創業90年になる製造業へ総務人事として入社した。「人は大事」という言葉と財務体質がすこぶる良いのが決め手となる。

お金で頭がいっぱいになると人件費や福利厚生もコストにしか見えない。経費削減は「なぜ、これが必要なの?」と詰問する雰囲気になりやすく、意見をする気持ちを削いでいく。そうして悪循環へ簡単に落ちていく。

僕が関わる総務人事は簡潔にいうと「働く場、働く人を組織の目的にガイドする役割」である。

だから「人を大事するとは?」という命題がないと面白くない。人件費をコスト一辺倒と捉えるとつまらなくなる。それは「コストであり、投資であり、生活を彩る金」だと思う。

入社後に経営理念の一丁目一番地は「わが社は、社員が幸せになるために存在する」になったそうだ。正直嘘くさい。内実がかけはなれている組織は多い。僕の経験は美辞麗句を素直には受け取れないようになっている。

労働関連法を守ろうとしているか。価値観をアップデートする仕組みはあるのか。面倒ごとにフタをしていないか。

長い歴史は強い慣性を生み組織風土として土着する。その中で変化を起こすのは難しい。流れに逆らう、いわば誰かに逆らうことになる。安全は必要だが安定は時に足かせになる。

そうはいっても組織はナマモノ。組織風土もうつろう。だから種と方向性を観察する。社内書類、社内掲示物、会議の発言等々を観察している。

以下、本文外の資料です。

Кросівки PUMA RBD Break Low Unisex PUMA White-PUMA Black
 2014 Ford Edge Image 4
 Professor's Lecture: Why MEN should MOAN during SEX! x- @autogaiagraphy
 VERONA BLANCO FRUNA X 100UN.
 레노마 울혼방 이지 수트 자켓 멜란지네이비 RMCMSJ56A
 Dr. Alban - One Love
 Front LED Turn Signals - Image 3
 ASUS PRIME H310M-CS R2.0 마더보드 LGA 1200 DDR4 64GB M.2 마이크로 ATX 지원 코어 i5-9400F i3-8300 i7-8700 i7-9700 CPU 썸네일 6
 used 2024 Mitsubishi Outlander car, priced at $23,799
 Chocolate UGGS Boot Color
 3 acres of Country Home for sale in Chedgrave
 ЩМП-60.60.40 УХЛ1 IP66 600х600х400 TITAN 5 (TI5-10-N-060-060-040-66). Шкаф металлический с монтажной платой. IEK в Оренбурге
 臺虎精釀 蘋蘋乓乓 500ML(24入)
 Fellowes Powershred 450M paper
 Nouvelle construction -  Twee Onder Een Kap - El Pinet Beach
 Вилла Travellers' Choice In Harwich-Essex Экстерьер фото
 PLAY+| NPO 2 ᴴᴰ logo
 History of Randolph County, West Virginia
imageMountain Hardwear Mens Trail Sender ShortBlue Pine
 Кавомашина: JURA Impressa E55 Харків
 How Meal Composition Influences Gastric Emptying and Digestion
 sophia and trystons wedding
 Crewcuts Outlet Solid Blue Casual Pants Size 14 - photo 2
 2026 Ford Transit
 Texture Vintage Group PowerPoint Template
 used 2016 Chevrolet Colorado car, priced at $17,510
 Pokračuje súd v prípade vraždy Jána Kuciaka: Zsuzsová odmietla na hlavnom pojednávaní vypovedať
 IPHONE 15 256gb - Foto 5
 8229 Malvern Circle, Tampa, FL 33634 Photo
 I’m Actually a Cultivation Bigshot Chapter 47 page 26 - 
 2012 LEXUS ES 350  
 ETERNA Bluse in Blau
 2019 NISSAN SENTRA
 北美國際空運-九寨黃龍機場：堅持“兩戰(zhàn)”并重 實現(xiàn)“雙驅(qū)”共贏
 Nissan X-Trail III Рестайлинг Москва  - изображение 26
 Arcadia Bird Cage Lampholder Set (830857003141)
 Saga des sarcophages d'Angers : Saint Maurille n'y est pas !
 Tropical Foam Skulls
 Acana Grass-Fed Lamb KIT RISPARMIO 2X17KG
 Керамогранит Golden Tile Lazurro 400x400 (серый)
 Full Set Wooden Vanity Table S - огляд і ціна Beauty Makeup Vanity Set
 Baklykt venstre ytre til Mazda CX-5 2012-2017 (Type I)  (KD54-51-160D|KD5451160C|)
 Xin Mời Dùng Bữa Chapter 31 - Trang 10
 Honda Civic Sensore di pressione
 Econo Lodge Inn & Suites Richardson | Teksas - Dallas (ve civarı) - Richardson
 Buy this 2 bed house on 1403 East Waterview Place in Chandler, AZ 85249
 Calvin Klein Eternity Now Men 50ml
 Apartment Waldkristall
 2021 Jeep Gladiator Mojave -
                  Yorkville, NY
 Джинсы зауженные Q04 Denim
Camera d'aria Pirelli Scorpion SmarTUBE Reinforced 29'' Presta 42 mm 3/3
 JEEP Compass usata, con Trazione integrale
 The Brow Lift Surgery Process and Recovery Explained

言葉には思想や癖がでる。「ビジネスとして」「会社として」「営業さん」「下の階」。気になる言葉もいろいろある。

例えば「ビジネスとして」は子供扱いするかのように悪気なく使っている。「会社として」は責任を宙に浮かせるように使用している。どちらも正論だけど、正論は相手を苛立たせ感情論を呼び覚ましタチが悪い。ボールが宙に浮いたまま会議が終わることもある。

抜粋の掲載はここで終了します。